Question:  What (and who) are the minimum number of people you need to give a message in order for the message to reach everyone one else in the network.

Answer:  Find a vertex basis.

Defn: A vertex basis of $D = (V, A)$ is a set of vertices $B \subset V$ such that

(1)  Every vertex in $V$ is reachable form some vertex in $B$.

(2)  If $C$ proper $B$ then there exists a $v \in V$ such that $v$ is not reachable from 
any vertex in $C$.

Defn:  A strong component of $D$ is a strongly connected subgraph generated by a set of vertices 
such that this set of vertices is maximal with respect to strong connectedness.

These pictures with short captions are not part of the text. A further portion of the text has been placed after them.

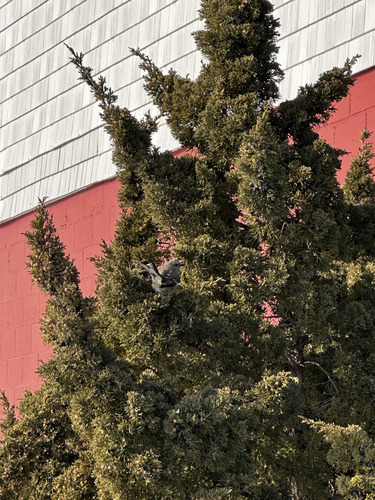 Northern Mockingbird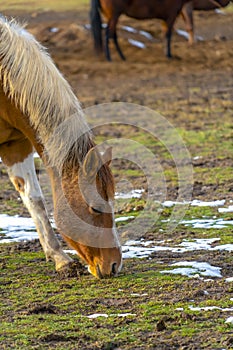 Brown horse with white mane on a snowy field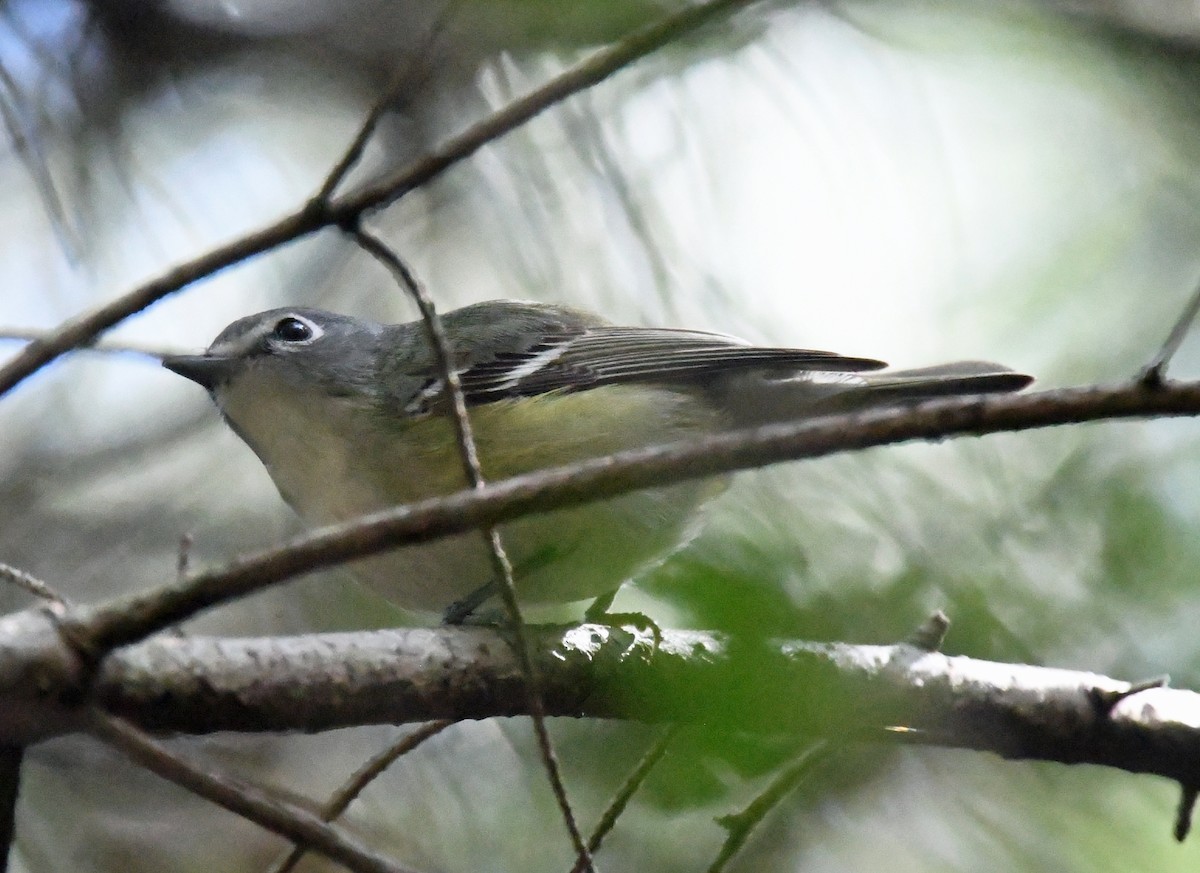 Cassin's Vireo - Richard Taylor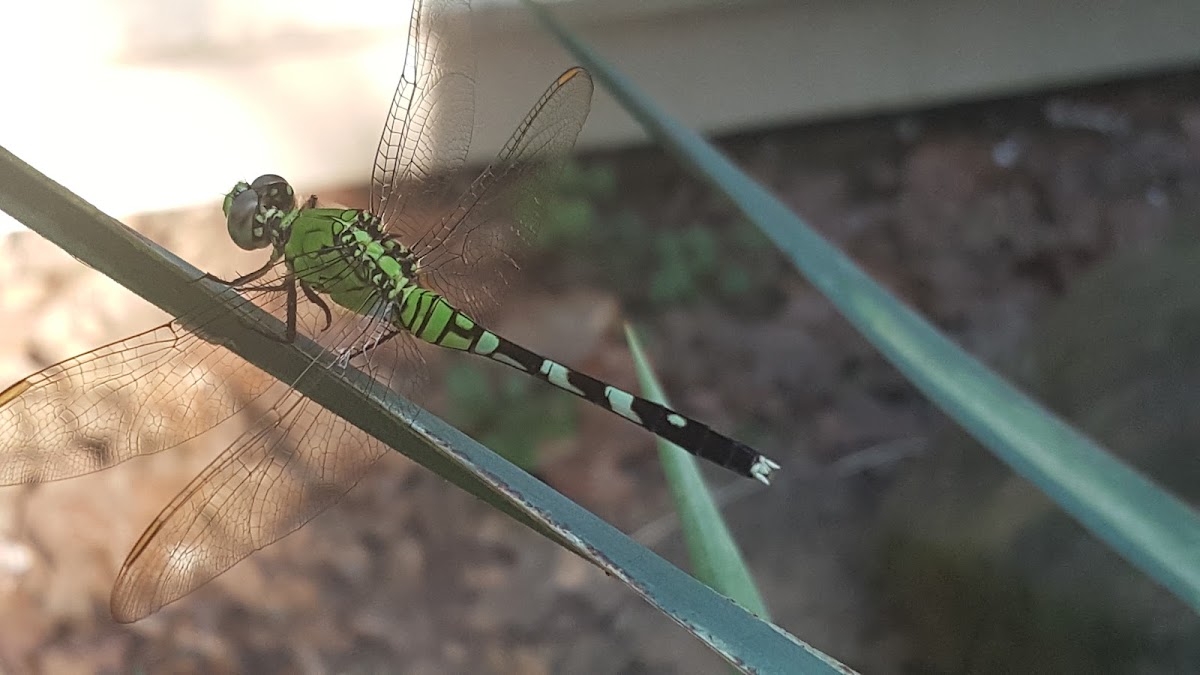 Eastern Pondhawk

Thm 2.6:  Every vertex is in exactly one strong component.

Defn:  $D^* = (V^*, A^*)$ is  the condensation of $D = (V, A)$ if 

(1)  $V^* = \{K_1, ..., K_p\} =$ the set of strong components of $D$.

(2)  There exists and arc $(K_i, K_j)$ iff there exists $u \in K_i$ and $v \in K_j$ such that $(u, v) \in A$.


Thm 2.7:  $D^*$ is acyclic  (i.e. $D^*$ does not contain any cycles).

Thm 2.8:  An acyclic digraph has a unique vertex base consisting of all vertices with no incoming arcs.

Cor:  In an acyclic digraph, there exists a vertex with no incoming arcs.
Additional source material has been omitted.